PROBLEM DESCRIPTION ▸
The expected output is every line of the data exactly as shown, minus the images.

DATASET EXTRACT ▸
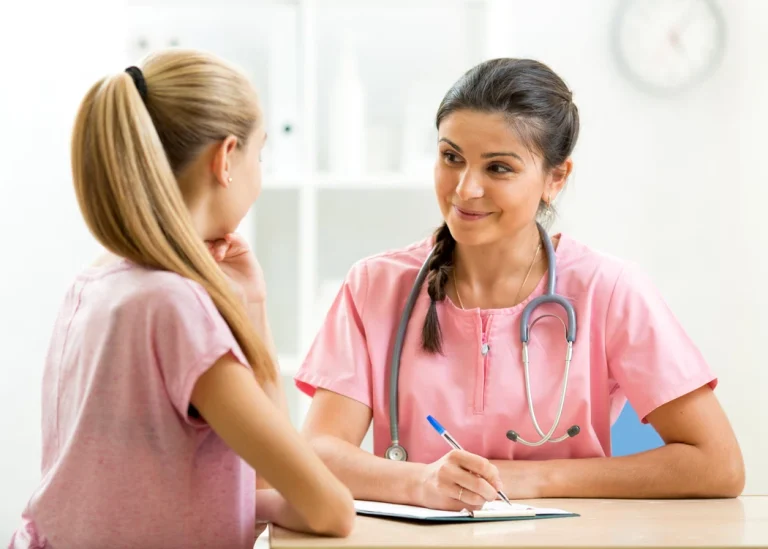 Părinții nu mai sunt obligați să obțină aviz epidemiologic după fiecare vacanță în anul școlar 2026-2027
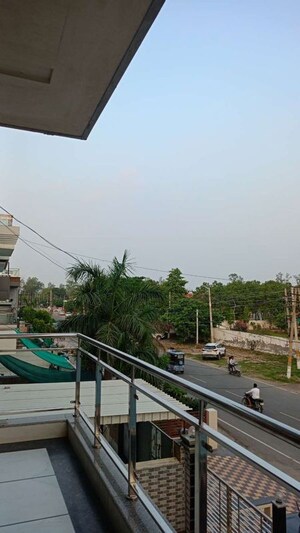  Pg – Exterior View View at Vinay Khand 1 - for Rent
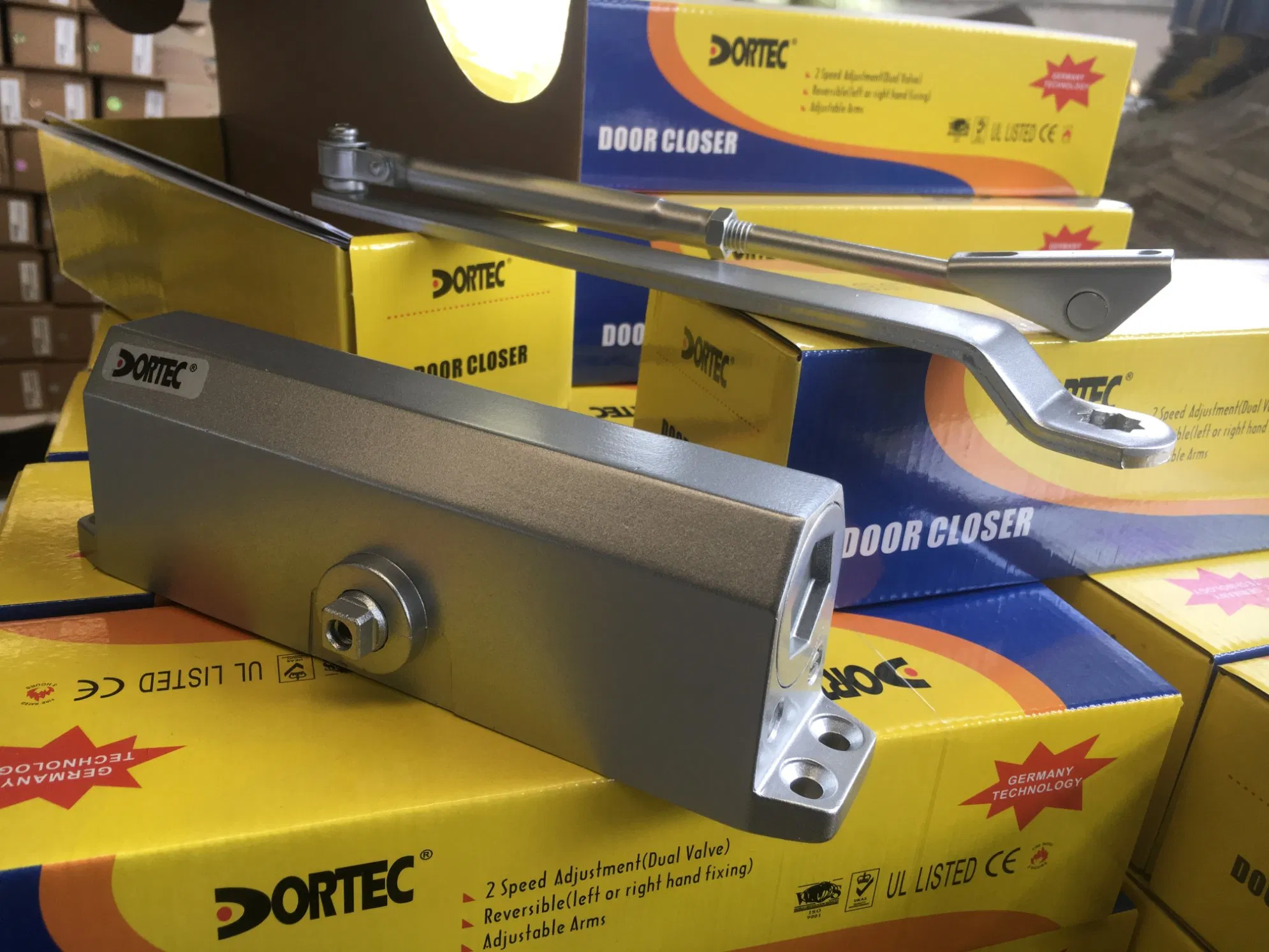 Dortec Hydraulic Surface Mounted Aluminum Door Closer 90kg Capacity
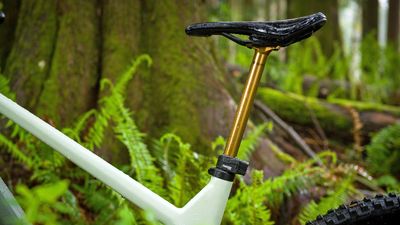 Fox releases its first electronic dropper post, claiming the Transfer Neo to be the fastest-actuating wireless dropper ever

TASK ANSWER ▸
 Părinții nu mai sunt obligați să obțină aviz epidemiologic după fiecare vacanță în anul școlar 2026-2027
  Pg – Exterior View View at Vinay Khand 1 - for Rent
 Dortec Hydraulic Surface Mounted Aluminum Door Closer 90kg Capacity
 Fox releases its first electronic dropper post, claiming the Transfer Neo to be the fastest-actuating wireless dropper ever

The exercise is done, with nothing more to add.